The ancient city of Doliche, where our excavation takes place, sits on one of the many hills, which define the landscape around the modern village of Dülük. While we are working throughout the week the whole day in the field or the house, the weekends offer some free time to explore the region even more. We already made a few trips to e.g. Göbeklitepe, Epiphaneia, Hierapolis, Karatepe or Zeugma, which took us hours driving through the plains and hills of south-eastern turkey, but you don’t have to take the car to have a look in to the ancient past: Let’s take a walk through Dülük!
The landscape is barren and rocky. Narrow goat paths wind their way through the hills. The first stop are the rock tombs and rock churches in the hills in and around the modern village, that is partly placed on the former necropolis of Doliche. Although we have a map with us, it is not easy to find them at first. They are located beneath small rock ledges, and it could happen that you don’t see them, even whilst standing directly above.
Inside the tombs, the air is cold, and the visibility is poor.
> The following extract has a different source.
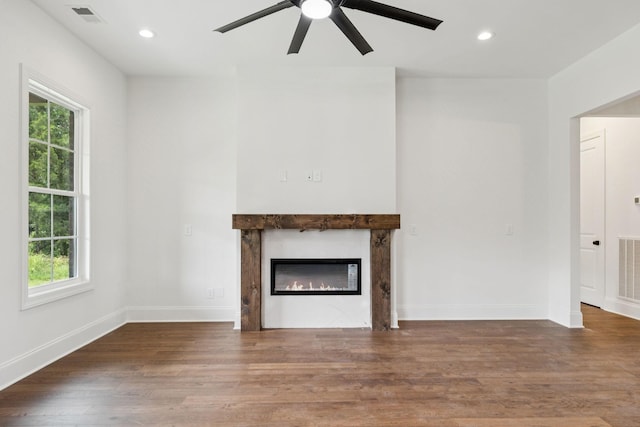 508 Matthew Miller Dr, Smyrna, TN 37167 - unfurnished living room with ceiling fan, healthy amount of natural light, wood finished floors, a glass covered fireplace, and recessed lighting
Each tomb’s construction is different, but most of the time they consist of several chambers, that build one big room. Those chambers are entirely carved into the bedrock and are often filled with rich floral ornaments to honour the dead that lay in arched niches or stone chests.
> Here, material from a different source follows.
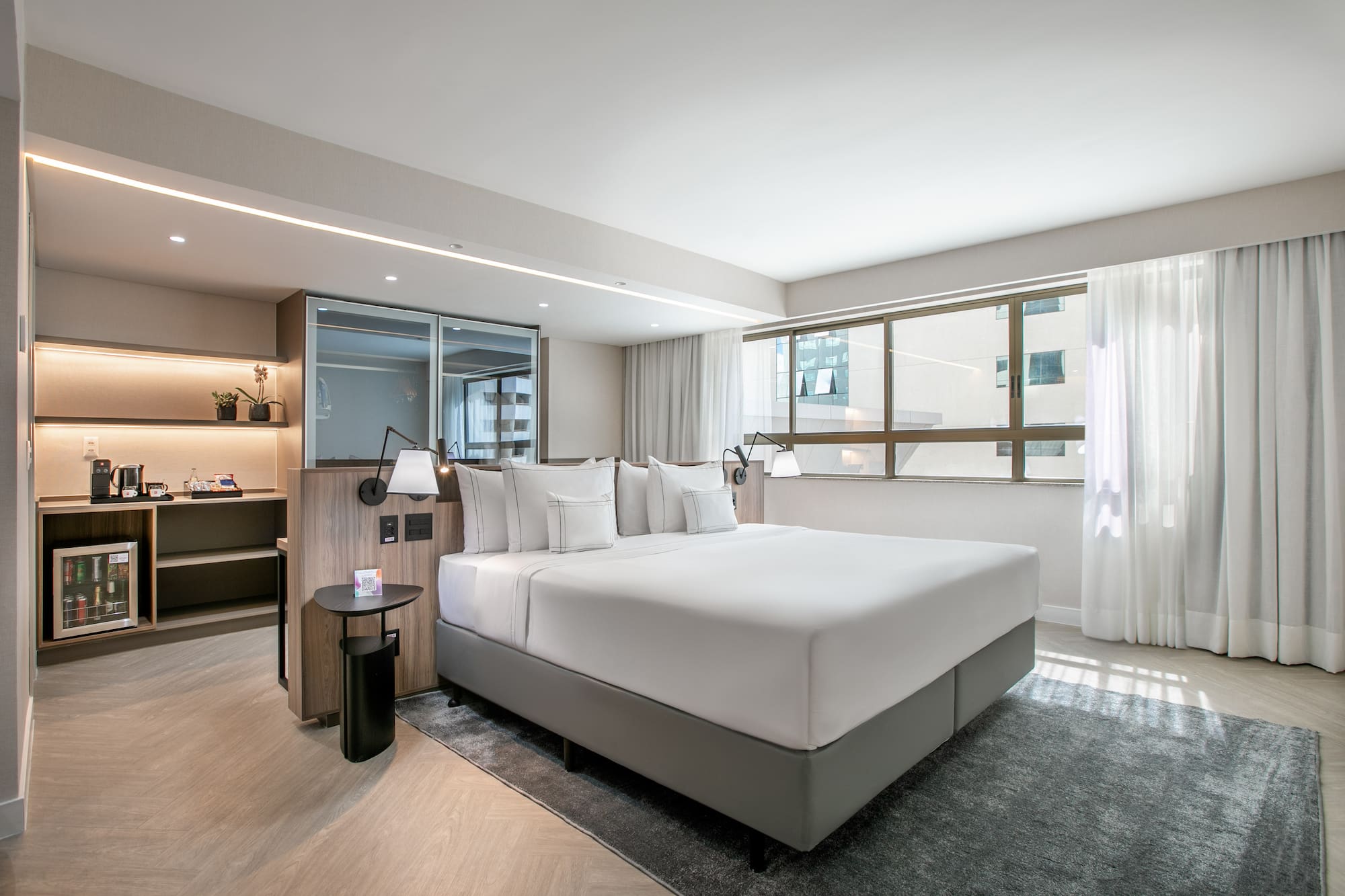 a room with a bed and a window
A very special rock tomb is located in the centre of the modern village and offers an even better insight into the art of rock carving. This tomb has a hexagonal layout and is filled with lots of ornamental and figurative decoration. Across the entrance, a well elaborated relief depicting a scene from the greek underworld is preserved. We can see the god Hermes leading a winged female, symbolizing “the dead soul”, into the realms of Hades.
In contrast to the last tomb, the Christianization of the urban area of Doliche is still witnessed by two rock churches located in the hills. They were built between the sixth and ninth centuries AD. The rock tombs that already existed in these places were architecturally and religiously transformed to be used in a new way. Rich ornamental decoration gives a vivid view and the rooms partly have vaults carved into the ceiling, beneath which you can see remains of lost columns. Except from one little green fella, the once religious halls are now completely abandoned.
Heading east from the rock tombs and into the centre of Dülük we aim for a quarry, which was used to cut stone not only in antiquity but also up to modern times. The impressive scenery looks just like a set from your favourite Indiana Jones movie.
We climb around the rocks, but are too afraid to crawl through an ancient water tunnel that would lead hundreds of meters through the rocks beneath Dülük. It seems that this task is up to the local kids as a test of courage, since the tunnel is – except from its few and hard to reach entries – completely dark and filled with moist air.
After giving up trying to follow the local kids jumping around the rocks, we leave the quarry and turn southwards towards our excavation house. After a long afternoon getting to know the history of our temporary home base, we are quite exhausted and ready for a hot shower.